- **TASK REQUIREMENTS**
Below are entries; output exactly the lines from the one with "1989 Dodge Ramcharger - Image 9 of 31" to the one with "Lisbon South Hostel อัลมาดา ภายนอก รูปภาพ", both included, and nothing else.

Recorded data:
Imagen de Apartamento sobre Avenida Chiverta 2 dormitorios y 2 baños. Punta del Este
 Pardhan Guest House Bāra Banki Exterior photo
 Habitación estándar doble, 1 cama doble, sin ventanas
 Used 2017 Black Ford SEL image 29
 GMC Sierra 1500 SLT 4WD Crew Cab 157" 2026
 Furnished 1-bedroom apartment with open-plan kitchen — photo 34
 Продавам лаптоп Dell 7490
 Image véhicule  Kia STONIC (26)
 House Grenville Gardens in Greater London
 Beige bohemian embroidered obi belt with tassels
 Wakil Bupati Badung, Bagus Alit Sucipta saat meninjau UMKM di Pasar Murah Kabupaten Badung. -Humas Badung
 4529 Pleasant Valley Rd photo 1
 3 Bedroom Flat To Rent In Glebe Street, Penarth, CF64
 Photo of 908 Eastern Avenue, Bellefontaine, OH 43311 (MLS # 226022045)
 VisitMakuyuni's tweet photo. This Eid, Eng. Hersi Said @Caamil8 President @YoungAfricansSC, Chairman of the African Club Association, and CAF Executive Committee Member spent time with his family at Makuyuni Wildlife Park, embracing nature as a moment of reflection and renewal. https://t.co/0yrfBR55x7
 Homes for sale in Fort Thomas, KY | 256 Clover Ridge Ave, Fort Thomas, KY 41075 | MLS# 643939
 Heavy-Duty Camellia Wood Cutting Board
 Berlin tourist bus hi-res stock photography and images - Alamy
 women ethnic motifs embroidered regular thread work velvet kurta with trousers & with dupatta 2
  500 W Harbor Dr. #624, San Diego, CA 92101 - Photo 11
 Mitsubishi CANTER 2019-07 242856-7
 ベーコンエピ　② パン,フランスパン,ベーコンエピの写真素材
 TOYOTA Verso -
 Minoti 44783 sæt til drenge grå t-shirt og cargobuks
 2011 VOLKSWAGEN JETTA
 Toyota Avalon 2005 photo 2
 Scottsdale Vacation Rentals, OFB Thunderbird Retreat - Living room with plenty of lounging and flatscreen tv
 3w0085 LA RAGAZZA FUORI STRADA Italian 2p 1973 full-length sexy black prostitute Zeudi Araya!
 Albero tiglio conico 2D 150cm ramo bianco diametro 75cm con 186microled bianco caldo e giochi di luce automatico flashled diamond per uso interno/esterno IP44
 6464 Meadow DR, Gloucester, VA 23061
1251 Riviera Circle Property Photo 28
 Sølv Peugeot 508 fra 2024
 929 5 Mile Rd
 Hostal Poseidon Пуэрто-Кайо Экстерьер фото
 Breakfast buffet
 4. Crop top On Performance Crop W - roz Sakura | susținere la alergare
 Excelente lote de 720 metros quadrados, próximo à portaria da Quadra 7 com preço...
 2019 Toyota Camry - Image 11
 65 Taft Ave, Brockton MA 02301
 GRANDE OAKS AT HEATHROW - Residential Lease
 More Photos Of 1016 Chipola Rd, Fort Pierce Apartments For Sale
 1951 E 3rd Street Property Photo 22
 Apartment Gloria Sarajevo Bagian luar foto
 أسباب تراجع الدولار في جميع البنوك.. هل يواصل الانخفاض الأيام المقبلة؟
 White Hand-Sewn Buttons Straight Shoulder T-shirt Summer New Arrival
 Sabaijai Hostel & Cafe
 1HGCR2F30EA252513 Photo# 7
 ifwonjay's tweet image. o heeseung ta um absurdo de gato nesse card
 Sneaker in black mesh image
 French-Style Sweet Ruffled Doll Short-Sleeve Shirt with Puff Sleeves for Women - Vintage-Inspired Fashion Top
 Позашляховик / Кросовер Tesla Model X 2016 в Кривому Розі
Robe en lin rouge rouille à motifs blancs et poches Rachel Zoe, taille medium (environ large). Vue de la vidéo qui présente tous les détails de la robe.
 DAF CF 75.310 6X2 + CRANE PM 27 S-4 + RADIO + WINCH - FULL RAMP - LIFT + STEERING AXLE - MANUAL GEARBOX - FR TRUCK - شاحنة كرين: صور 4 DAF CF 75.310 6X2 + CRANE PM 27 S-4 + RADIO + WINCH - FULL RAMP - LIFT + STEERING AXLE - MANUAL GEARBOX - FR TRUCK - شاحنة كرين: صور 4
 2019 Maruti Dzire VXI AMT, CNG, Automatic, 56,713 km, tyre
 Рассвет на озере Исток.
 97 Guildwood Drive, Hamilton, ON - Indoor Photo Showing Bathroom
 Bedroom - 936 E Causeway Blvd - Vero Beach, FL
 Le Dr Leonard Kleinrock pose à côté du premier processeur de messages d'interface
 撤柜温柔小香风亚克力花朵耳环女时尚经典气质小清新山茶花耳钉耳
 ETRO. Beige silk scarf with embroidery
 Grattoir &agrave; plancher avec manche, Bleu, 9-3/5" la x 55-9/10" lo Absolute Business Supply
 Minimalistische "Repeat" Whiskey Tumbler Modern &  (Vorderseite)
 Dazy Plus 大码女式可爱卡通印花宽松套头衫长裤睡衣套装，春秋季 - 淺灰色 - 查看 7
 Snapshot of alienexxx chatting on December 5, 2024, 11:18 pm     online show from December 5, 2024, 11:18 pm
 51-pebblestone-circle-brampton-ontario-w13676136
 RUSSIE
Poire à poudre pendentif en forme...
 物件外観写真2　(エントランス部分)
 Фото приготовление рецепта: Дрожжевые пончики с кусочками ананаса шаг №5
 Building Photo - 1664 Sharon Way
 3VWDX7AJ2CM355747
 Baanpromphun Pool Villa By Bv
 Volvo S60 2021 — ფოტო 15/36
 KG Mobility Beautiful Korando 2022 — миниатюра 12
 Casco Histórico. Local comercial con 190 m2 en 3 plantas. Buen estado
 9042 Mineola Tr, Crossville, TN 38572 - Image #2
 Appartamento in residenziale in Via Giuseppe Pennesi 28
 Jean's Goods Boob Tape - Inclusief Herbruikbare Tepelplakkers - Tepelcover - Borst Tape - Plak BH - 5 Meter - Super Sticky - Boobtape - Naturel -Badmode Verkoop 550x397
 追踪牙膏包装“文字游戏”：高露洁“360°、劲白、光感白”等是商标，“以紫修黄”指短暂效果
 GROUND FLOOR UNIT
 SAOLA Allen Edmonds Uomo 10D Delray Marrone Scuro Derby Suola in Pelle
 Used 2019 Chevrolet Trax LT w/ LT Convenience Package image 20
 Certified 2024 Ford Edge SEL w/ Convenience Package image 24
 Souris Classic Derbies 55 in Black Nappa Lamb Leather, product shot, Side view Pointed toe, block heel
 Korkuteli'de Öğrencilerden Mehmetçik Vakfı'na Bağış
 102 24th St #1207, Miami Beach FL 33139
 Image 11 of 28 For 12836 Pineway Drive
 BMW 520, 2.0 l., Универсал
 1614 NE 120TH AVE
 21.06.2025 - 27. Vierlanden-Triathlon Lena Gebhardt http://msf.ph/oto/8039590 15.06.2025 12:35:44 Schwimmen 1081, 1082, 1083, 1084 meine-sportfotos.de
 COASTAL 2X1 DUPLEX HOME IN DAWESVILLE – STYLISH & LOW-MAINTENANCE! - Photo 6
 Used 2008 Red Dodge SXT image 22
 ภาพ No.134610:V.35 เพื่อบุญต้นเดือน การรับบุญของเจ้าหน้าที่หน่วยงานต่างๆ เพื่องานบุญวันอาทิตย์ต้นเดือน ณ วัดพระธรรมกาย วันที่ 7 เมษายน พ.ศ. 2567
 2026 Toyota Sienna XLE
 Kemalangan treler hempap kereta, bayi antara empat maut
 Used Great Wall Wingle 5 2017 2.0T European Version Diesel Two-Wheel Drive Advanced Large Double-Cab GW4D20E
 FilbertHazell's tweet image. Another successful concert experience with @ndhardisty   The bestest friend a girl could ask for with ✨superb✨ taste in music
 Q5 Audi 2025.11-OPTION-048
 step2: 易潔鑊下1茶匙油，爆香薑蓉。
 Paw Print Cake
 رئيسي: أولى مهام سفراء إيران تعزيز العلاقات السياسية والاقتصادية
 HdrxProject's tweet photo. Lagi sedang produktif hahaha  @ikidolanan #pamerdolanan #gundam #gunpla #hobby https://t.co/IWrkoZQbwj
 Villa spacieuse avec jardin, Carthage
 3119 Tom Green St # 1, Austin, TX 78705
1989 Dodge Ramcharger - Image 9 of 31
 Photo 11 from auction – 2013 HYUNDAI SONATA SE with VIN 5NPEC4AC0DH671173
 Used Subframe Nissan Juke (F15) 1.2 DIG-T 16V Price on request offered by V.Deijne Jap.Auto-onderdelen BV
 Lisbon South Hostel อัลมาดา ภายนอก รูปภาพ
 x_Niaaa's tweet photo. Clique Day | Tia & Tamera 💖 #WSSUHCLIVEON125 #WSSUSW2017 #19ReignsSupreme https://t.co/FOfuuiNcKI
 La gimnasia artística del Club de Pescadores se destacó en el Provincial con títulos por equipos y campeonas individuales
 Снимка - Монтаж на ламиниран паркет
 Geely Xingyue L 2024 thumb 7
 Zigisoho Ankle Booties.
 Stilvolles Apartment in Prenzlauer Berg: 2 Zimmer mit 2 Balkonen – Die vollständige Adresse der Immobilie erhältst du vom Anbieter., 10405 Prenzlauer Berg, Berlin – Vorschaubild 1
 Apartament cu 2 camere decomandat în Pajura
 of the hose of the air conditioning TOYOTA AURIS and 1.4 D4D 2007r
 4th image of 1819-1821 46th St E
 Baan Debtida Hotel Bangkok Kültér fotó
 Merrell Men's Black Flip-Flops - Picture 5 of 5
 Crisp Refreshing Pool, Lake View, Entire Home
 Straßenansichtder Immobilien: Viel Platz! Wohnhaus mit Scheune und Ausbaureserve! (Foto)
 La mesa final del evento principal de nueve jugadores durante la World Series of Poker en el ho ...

- **WRITTEN SOLUTION**
1989 Dodge Ramcharger - Image 9 of 31
 Photo 11 from auction – 2013 HYUNDAI SONATA SE with VIN 5NPEC4AC0DH671173
 Used Subframe Nissan Juke (F15) 1.2 DIG-T 16V Price on request offered by V.Deijne Jap.Auto-onderdelen BV
 Lisbon South Hostel อัลมาดา ภายนอก รูปภาพ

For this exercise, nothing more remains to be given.